When design tooling is decoupled from the data format used to organize the sum total of design decisions made to date, the easier it becomes to evolve the tooling and workflows over time. The faster a company can evolve its ways of designing and making, the more competitive it can become.

It’s also worth noting that the divisions between the design of buildings and the design of machines is blurring. It’s common in architecture to incorporate prefabricated components, and it’s even possible to see buildings manufactured on site. As the dissolving of boundaries between design disciplines continues, so tightly coupling design tools with file formats makes less and less sense. The brilliance of USD is that design tools can still be specialist tools with their own file formats, but when it comes to integrating digital work product into a larger whole, USD offers a way to share just enough to enable designing at the aggregate scale.

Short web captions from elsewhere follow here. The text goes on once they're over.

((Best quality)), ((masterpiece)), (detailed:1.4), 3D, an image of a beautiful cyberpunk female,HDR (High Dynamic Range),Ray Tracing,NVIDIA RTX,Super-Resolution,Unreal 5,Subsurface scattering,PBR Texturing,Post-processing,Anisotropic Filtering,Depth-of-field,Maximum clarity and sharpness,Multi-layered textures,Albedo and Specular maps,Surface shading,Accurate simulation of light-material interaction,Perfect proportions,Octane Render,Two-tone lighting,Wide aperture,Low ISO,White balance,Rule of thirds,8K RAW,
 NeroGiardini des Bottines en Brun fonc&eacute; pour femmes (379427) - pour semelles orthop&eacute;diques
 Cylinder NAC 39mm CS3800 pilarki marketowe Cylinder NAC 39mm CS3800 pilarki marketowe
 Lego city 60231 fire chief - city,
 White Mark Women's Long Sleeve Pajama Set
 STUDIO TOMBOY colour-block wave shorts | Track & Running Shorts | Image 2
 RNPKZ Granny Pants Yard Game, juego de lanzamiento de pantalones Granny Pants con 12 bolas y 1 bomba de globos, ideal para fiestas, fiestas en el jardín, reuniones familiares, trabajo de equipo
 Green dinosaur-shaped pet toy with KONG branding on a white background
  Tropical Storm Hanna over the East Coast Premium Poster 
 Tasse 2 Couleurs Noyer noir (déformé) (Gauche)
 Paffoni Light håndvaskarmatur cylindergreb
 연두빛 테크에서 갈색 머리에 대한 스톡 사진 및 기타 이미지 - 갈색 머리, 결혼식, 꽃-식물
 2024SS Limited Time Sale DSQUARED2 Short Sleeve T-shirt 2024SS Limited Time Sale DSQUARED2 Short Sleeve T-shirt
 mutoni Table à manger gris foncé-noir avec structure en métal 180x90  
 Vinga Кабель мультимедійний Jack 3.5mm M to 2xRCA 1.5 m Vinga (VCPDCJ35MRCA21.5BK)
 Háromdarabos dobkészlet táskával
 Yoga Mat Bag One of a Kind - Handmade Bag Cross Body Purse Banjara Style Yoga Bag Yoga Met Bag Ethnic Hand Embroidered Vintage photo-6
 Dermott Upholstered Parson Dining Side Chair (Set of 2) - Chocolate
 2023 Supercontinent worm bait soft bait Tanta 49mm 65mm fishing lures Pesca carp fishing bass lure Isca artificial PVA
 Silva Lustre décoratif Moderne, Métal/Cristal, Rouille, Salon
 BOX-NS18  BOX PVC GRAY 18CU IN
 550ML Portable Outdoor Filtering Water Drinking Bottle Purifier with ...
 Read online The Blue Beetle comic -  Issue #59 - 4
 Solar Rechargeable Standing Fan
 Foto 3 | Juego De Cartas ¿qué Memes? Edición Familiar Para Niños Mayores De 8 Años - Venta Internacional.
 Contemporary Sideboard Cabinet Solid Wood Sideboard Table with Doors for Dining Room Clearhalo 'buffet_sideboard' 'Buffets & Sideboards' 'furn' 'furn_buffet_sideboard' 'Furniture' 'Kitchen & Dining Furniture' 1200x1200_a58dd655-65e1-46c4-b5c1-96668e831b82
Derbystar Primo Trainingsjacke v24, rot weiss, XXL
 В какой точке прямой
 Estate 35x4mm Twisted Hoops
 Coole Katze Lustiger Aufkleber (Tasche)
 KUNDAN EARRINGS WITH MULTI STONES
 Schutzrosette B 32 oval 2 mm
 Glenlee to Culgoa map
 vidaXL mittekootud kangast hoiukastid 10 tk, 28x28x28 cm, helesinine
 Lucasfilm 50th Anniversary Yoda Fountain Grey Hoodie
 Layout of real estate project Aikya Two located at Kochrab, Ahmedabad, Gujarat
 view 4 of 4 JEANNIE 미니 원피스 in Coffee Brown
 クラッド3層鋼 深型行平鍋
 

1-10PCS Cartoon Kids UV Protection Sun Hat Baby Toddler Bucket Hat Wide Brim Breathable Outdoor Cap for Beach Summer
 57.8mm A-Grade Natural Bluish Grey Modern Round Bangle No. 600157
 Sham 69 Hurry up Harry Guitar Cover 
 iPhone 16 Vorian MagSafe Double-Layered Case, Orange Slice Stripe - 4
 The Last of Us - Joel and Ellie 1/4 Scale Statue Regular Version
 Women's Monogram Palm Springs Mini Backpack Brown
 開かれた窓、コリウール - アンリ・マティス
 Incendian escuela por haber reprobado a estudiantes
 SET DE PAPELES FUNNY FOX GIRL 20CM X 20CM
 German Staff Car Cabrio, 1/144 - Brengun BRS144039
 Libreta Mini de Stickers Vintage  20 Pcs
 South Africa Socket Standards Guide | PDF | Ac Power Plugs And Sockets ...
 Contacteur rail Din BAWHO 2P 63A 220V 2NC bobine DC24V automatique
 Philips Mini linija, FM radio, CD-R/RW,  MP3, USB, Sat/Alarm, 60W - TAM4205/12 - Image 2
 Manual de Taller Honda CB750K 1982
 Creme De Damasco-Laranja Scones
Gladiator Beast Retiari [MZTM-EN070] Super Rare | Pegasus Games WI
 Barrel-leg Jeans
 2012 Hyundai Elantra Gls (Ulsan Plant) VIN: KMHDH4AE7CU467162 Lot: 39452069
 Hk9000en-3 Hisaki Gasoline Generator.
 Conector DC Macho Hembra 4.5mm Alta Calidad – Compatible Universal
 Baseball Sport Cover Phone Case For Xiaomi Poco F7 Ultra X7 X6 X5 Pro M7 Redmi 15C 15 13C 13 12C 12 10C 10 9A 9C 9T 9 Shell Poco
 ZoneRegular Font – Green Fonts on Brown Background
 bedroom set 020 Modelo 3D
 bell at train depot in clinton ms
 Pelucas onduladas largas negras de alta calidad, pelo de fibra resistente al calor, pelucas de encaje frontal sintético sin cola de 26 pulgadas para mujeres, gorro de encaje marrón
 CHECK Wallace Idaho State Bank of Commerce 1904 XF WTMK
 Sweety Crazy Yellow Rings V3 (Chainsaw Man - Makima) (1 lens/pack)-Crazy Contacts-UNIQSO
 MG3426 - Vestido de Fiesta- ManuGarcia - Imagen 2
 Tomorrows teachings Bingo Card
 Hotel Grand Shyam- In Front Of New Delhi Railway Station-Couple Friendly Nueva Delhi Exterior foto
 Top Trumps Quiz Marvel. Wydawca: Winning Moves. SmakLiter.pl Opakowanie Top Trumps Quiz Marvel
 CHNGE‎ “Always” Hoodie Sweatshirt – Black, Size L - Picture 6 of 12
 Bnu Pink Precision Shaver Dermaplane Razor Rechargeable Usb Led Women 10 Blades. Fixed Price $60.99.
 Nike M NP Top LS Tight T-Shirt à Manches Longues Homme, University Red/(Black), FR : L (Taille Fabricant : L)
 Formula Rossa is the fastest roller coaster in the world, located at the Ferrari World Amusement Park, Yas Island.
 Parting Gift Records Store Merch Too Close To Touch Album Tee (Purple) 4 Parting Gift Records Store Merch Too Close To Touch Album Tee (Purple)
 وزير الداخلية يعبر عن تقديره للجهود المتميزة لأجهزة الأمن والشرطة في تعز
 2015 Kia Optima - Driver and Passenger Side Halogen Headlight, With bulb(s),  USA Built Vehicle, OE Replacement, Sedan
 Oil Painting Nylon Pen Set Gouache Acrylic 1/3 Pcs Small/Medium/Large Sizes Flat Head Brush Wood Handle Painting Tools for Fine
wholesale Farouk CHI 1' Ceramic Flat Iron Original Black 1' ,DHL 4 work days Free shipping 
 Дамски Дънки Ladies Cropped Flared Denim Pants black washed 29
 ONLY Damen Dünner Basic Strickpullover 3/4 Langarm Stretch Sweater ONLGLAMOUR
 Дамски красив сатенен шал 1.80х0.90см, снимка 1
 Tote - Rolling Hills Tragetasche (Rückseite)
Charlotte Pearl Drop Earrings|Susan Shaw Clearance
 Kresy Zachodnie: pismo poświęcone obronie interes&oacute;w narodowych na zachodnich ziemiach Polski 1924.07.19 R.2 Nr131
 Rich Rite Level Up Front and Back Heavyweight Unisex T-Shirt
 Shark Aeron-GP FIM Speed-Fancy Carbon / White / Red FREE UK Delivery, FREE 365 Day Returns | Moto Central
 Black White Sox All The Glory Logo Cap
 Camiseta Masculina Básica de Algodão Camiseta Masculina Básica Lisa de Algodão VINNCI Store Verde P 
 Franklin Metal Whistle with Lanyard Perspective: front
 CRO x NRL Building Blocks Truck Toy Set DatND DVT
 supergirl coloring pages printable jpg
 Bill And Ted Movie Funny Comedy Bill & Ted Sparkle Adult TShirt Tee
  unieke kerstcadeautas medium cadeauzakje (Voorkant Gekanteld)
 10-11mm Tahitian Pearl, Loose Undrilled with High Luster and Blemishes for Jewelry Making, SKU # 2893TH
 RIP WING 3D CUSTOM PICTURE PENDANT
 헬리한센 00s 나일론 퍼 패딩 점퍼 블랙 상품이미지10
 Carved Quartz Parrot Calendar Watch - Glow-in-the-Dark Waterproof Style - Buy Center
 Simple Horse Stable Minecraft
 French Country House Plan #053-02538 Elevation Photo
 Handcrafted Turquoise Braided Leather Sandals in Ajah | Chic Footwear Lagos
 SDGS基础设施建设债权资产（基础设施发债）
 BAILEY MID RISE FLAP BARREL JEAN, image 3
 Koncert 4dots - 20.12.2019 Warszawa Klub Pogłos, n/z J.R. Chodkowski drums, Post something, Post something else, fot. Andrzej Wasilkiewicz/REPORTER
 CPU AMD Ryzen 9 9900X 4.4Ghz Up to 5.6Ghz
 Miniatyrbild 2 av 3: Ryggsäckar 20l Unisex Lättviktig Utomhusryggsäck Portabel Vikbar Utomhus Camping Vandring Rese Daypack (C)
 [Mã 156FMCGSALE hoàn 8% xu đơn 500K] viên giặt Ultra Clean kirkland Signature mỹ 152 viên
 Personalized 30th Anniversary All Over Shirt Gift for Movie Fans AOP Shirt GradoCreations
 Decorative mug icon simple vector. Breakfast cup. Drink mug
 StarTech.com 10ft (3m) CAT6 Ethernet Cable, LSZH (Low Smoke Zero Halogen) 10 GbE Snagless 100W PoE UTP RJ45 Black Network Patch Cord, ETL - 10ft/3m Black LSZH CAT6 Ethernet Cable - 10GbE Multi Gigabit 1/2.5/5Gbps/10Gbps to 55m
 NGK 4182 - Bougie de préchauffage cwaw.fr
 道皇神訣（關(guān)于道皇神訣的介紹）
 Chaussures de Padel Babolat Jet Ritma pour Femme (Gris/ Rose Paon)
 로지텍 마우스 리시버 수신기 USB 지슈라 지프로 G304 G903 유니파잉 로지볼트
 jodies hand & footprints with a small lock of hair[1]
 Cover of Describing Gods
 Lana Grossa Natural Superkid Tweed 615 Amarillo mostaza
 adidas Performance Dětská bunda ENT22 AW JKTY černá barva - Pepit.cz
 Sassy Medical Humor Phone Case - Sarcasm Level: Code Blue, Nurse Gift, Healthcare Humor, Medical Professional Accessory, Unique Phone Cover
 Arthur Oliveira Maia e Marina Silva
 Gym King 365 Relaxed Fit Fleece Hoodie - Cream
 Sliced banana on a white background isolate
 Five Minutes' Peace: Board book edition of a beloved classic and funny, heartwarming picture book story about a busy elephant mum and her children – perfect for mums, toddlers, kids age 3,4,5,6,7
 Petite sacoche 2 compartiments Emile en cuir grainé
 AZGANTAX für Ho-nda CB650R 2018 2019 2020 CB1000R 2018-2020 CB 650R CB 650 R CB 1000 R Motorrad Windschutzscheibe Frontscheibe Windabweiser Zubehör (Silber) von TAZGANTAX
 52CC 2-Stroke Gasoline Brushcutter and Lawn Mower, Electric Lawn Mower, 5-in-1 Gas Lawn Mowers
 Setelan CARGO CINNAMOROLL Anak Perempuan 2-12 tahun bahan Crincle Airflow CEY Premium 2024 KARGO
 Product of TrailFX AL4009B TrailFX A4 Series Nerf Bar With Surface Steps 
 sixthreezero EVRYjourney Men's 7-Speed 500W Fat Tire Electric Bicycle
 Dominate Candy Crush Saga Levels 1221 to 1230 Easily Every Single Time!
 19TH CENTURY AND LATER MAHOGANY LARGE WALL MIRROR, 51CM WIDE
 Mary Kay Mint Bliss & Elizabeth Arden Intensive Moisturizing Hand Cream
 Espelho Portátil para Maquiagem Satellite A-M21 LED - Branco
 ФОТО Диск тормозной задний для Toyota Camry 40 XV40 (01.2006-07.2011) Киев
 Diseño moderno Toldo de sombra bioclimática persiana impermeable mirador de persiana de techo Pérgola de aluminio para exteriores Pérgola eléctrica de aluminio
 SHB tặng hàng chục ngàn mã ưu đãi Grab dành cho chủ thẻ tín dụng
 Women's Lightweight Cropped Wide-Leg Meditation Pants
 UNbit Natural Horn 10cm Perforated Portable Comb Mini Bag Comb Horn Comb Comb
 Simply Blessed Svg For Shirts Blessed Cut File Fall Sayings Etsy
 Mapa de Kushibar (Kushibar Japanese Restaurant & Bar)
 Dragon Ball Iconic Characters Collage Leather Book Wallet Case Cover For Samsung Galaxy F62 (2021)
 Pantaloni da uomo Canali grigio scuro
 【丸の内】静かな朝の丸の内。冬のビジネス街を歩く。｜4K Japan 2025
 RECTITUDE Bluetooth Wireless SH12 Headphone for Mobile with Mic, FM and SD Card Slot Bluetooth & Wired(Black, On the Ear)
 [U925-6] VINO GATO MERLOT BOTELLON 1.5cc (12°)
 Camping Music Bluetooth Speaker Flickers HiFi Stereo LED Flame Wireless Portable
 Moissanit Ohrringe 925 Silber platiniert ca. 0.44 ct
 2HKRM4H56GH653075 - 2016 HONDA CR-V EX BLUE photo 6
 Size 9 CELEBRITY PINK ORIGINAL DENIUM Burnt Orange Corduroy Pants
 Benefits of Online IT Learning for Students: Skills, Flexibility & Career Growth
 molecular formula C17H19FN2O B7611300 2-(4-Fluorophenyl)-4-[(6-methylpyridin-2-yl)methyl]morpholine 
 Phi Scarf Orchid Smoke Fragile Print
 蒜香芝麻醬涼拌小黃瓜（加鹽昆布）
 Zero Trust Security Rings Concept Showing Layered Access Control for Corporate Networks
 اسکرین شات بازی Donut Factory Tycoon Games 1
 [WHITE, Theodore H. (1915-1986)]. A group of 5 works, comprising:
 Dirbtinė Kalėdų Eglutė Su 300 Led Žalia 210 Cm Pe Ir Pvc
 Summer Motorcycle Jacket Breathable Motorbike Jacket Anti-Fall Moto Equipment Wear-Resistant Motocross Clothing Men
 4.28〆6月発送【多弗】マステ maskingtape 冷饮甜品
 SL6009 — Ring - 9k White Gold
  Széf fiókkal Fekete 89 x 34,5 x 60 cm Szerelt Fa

As computers continue to get faster, I think it’s likely that we’ll start to see AEC industries utilizing realistic real-time graphics, rendering, and simulation. These capabilities are hugely useful when attempting to understand and communicate what’s important about a complex design. When this happens, I suspect that CAD software for AEC will evolve in ways that brings them closer to the ways of designing that are now common in the media and entertainment space.

The last 40+ years of CAD software development has been largely focused on serving the needs of individual designers designing on desktop computers. I expect the next 20 will be spent serving the needs of organizational designing and making. Pixar’s USD offers many great lessons in this space.